Using a Participatory Approach to Iteratively Adapt a Collaborative Emotion Recognition Game for Non-Speaking Autistic Youth

Background: Although autism is partially defined by social difficulties, some autistic people communicate more effectively through computers than in-person (Gillespie-Lynch et al., 2014). Consequently, computer-mediated supports for autistic people are proliferating (Fletcher-Watson, 2014). However, evidence that computer-mediated interventions help autistic people develop generalizable social-communicative skills remains limited (Whyte et al., 2015). Participatory research wherein autistic people collaborate in game design/evaluation may ameliorate the disconnect between the potential of computerized interventions and limited benefits documented thus far.

Objectives: By collaborating with speaking autistic people, we are developing a game to help non-speaking autistic people understand complex emotions and collaborate.

Methods: Connecting through Kinect uses animated tutorials rather than words to be accessible regardless of linguistic ability and promotes generalizable social-communicative skills by providing simultaneous opportunities to engage digitally and in-person. Players solve collaborative emotion matching puzzles using Kinect while standing together. Each puzzle depicts the outline of a figure in an emotional context. After constructing the body, players must agree on the correct emotion for the face by selecting from three emotions. This collaborative component was adapted from a task which promoted collaboration among minimally-verbal children (Holt & Yuill, 2014). In earlier iterations of game development (Sturm et al., 2018), autistic college students spearheaded many improvements including: demos, meaningful rewards, improved image quality, and a relatable storyline (an autistic child overcomes bullying through friendship with a friendly dragon; Figures). After qualitative coding revealed that autistic students initially looked at the screen rather than each other, we added a tutorial depicting collaborative play, an associated pause feature to encourage collaboration, and a face tracking component to automatically quantify collaboration. Autistic college students looked at one another more when playing the revised game. However, some played with mentors who prompted collaboration verbally. After incorporating extensive feedback from 10 autistic college students in our mentorship program, we asked 10 autistic adolescents from a technology camp for feedback.

Results: To evaluate if the game is accessible without spoken instructions, autistic adolescents played the revised game with a player who did not prompt interaction. They exhibited pronounced variability in emotion matching (0-16 errors), utterances (1-47) and looking at one another (0-6). They found the game useful/fun but critiqued motion control inefficiencies and found the collaboration animation confusing, indicating that it should be removed. They highlighted the need for tutorials to let players know that there is a “right answer.” Some felt that “errors” were “glitches” and were surprised to realize that the background was relevant. An adolescent with low language skills kept approaching the Kinect asking “Why can’t I help?” Findings indicate that emotion matching/collaboration are desired learning goals while highlighting areas for improvement.

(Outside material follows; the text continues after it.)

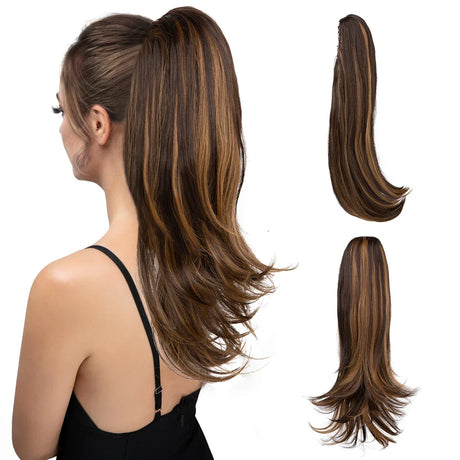 Synthetic Claw Clip In Ponytail Hair Extensions Hairpiece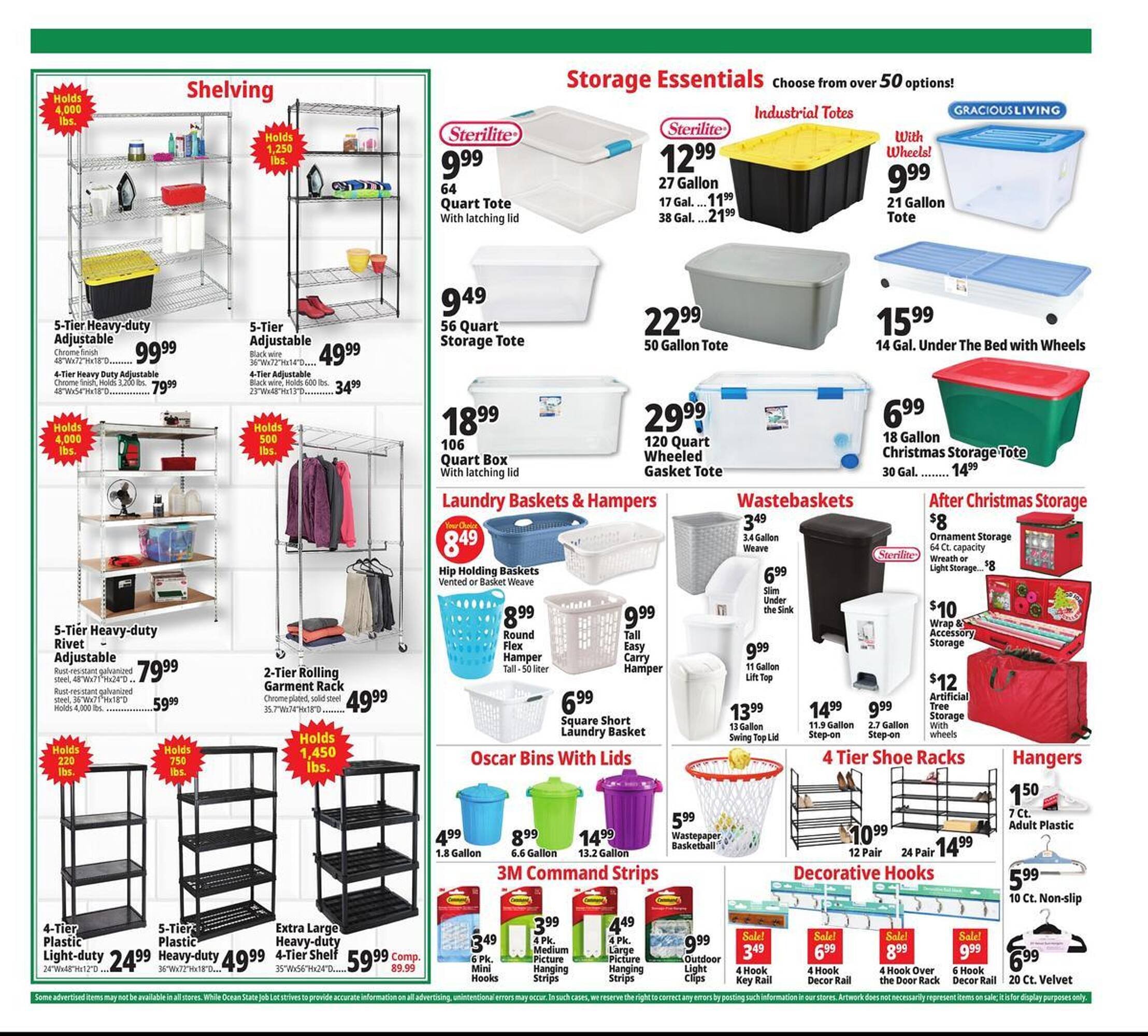 Ocean State Job Lot flyer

Conclusions: Our autistic collaborators have spearheaded extensive improvements in game design. They remind us to incorporate key design principles that promote generalization but are often lacking in games designed for autistic people. After incorporating feedback, we will evaluate the game with non-speaking children this spring. The process of collaborating with speaking autistic people to develop computer-mediated interventions for non-speaking youth shows promise.